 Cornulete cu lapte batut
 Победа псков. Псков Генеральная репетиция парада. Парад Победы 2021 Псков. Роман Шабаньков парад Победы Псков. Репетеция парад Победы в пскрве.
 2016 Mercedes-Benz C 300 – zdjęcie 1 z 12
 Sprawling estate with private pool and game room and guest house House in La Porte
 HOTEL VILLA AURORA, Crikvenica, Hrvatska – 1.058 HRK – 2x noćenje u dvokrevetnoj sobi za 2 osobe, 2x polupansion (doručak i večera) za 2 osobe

**DIRECTIONS:**
From the first line to the last, please write out the entries exactly.

**OUTPUT:**
 Cornulete cu lapte batut
 Победа псков. Псков Генеральная репетиция парада. Парад Победы 2021 Псков. Роман Шабаньков парад Победы Псков. Репетеция парад Победы в пскрве.
 2016 Mercedes-Benz C 300 – zdjęcie 1 z 12
 Sprawling estate with private pool and game room and guest house House in La Porte
 HOTEL VILLA AURORA, Crikvenica, Hrvatska – 1.058 HRK – 2x noćenje u dvokrevetnoj sobi za 2 osobe, 2x polupansion (doručak i večera) za 2 osobe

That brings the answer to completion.